How Delhi’s rich forge EWS documents to get their children into top schools

Posted on Jun 24 2015 - 8:13pm by admin

Some uber rich and elite families in Delhi are fudging income certificates to masquerade as economically weaker sections (EWS) for admitting their kids to top schools. In the bargain, poor children are robbed of their right to study in these schools.

Some of these high and mighty people, who own high-end cars like a Jaguar, employ a well-oiled machinery of touts and school staff to usurp the quota fixed for EWS children.

An exclusive India Today TV investigation reveals that this racket is being run by middlemen who project the super rich as people earning less than Rs 1 lakh a year by obtaining forged income certificates from the local SDM’s office. The catch is that for admissions to nursery classes, 25 per cent of seats in Delhi’s schools have been reserved for children of poor parents who earn less than Rs 1 lakh annually. So the moneyed parents pay anything from Rs 5 lakh to Rs 10 lakh to the touts for the guarantee of an EWS seat which their child doesn’t deserve at all.

In several cases that have come to light, touts used highly unusual, though effective, ways to guarantee admissions for the payment they received. In a peculiar instance, they arranged for chits bearing the names of rich kids to be kept in a refrigerator for a significant period. The aim was to avoid any suspicion in a seemingly blind draw of lots by the school managements while making it easy to identify by touch which of the chits needed to be picked up.
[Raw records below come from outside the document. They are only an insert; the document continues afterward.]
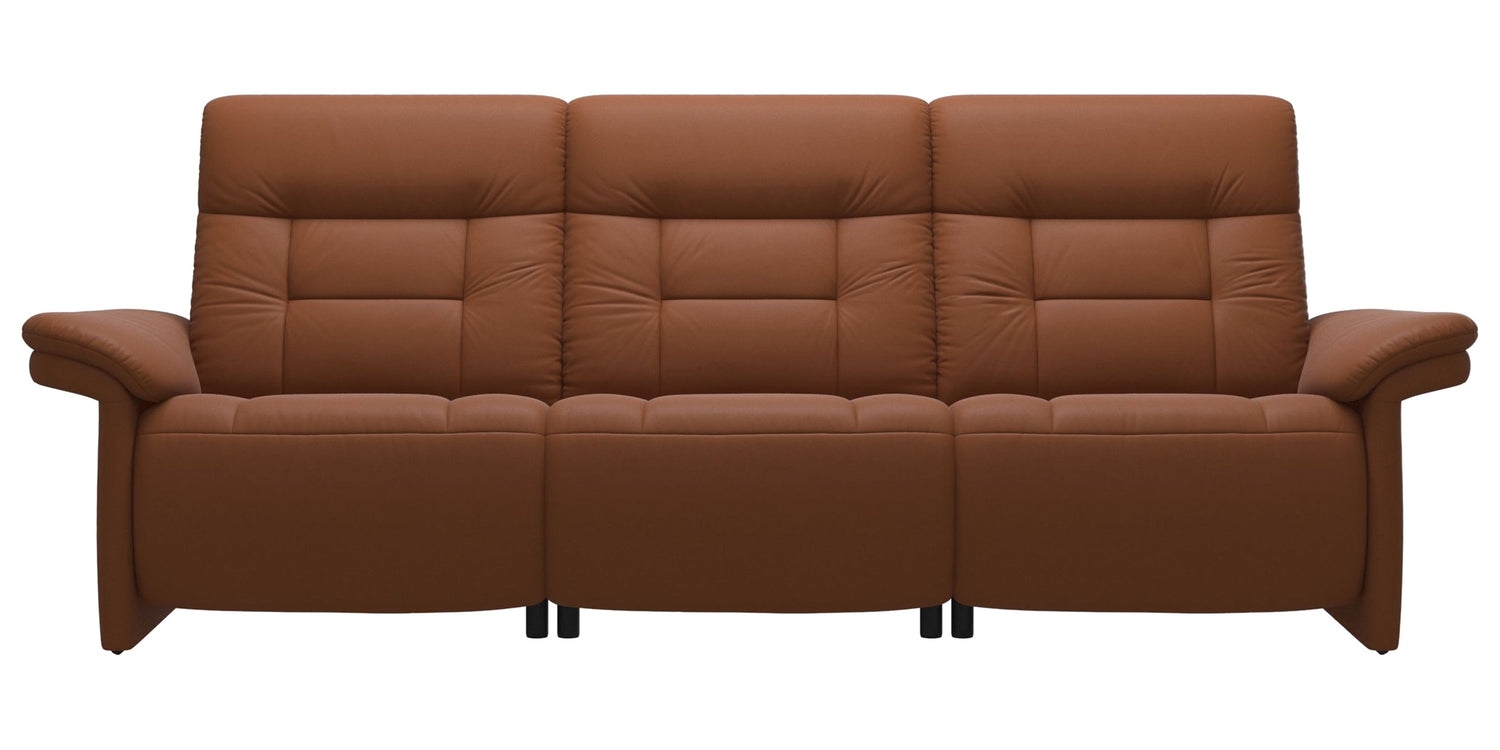 Mary | Adjustable Headrest 3-Seater Sofa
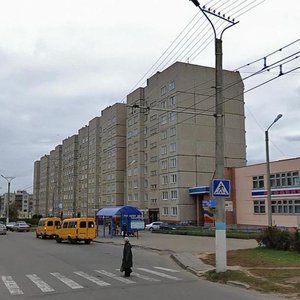 Novoçeboksarsk, Vinokurova Street, 115: foto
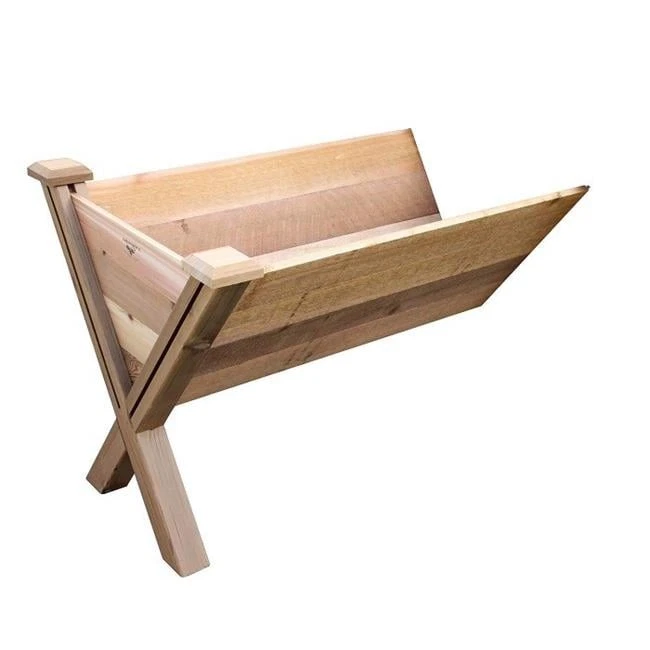 Cuña de jardín rústica modular Gronomics ECOGW 30-48 EXT ECO 30x48x32 - 18 D Ext... Foto 1 de 1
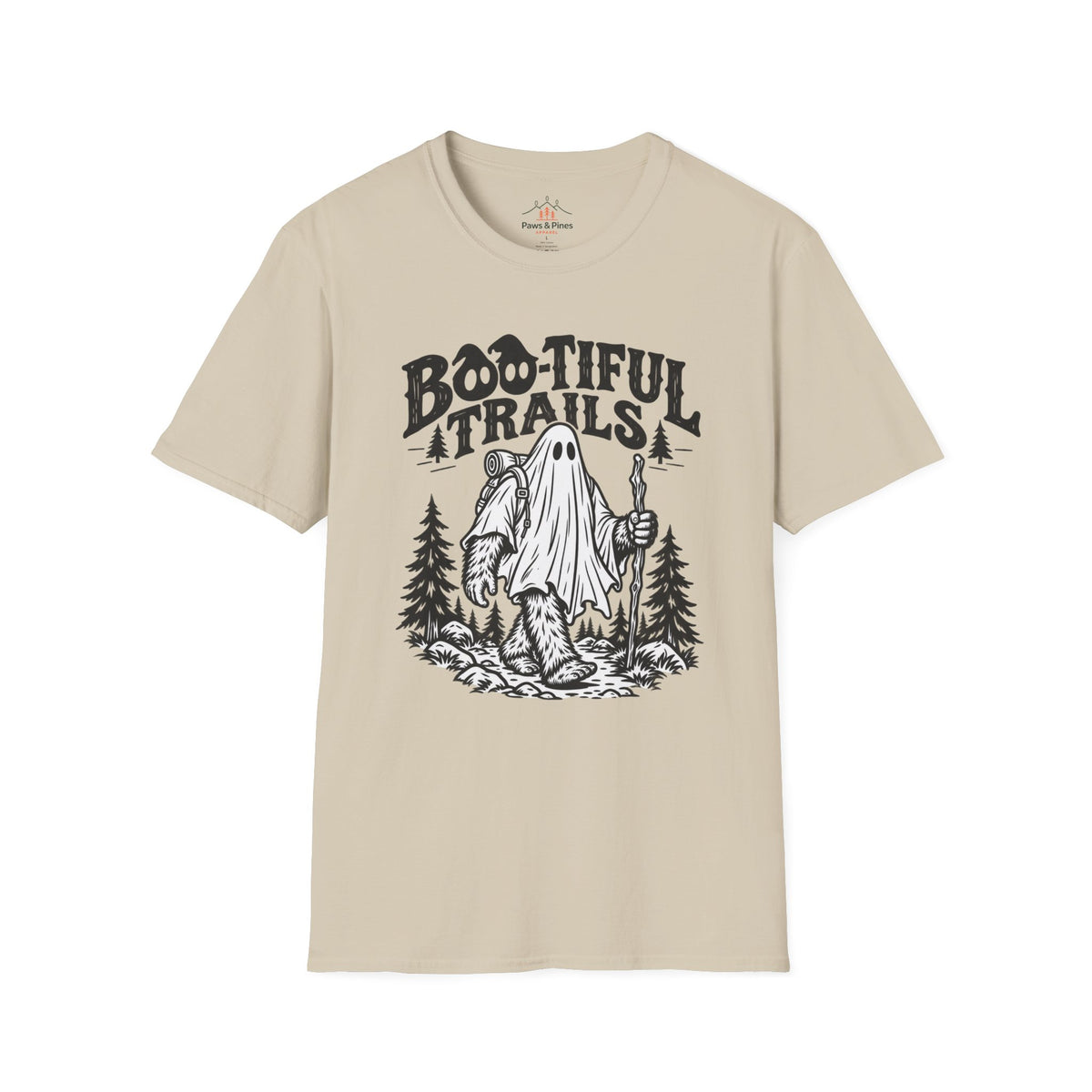 Boo-tiful Trails T-Shirt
Incidentally, while the police have busted only one such racket at Pitampura’s Bal Bharti School, the mastermind of the scam is still at large. The police have managed to arrest four members of the gang. As per India Today TV’s investigation, the lynchpin of the scam is a woman, who has been identified as Puneeta. She is said to be charging anywhere between Rs 5 lakh and Rs 10 lakh from well to-do parents for securing admission for their kids under the EWS quota.

How it works

The modus operandi was extremely simple: She obtained fake income certificates on fake addresses and later, after securing an admission, would get the name changed to the boy’s whose parents had paid up, thus legitimising the scam. As per available information, police have registered around 300 such cases.
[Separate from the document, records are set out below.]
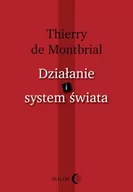 Polityka i politologia - Dialog Thierry de Montbrial Działanie i system świata - miniaturka - grafika 1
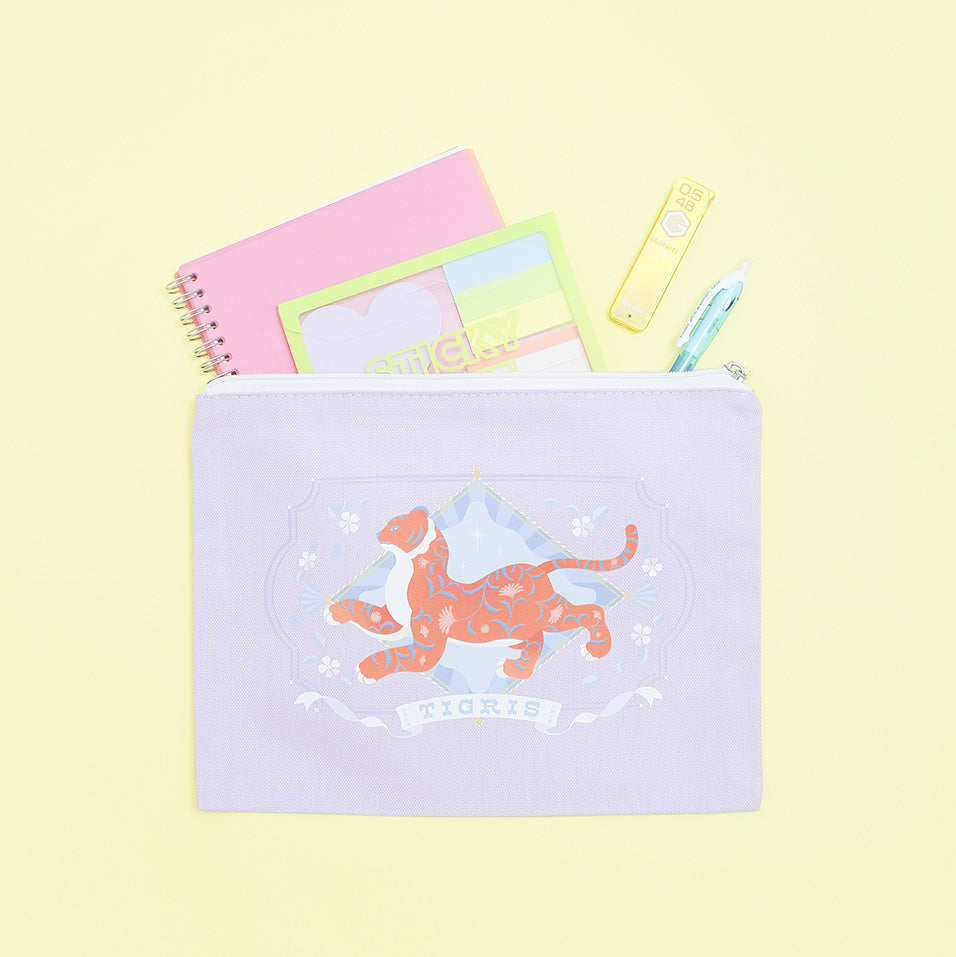 Square Pouch S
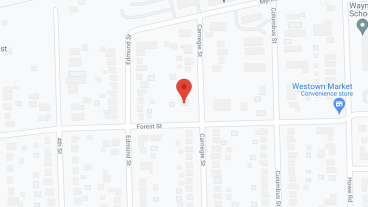 Carnegie Home in google map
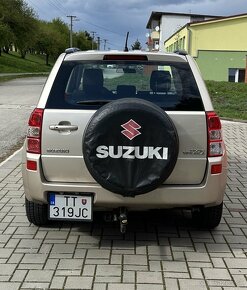 Predám Suzuki Grand Vitara - 12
In one such FIR, the crime branch mentions to have found that two certificates used to get admission into two schools – Lancers Convent and GD Goenka Public School, both in Rohini – carried the same name as applicant and his father and had been procured for the admission of someone named Khushi. The names of the ward were later changed to Rhythm and Cheshna, respectively. The applicants’ addresses were different, but the certificates were issued for admission in academic year 2014-15.

The crime branch also found that she had used a certificate for more than one fake admission.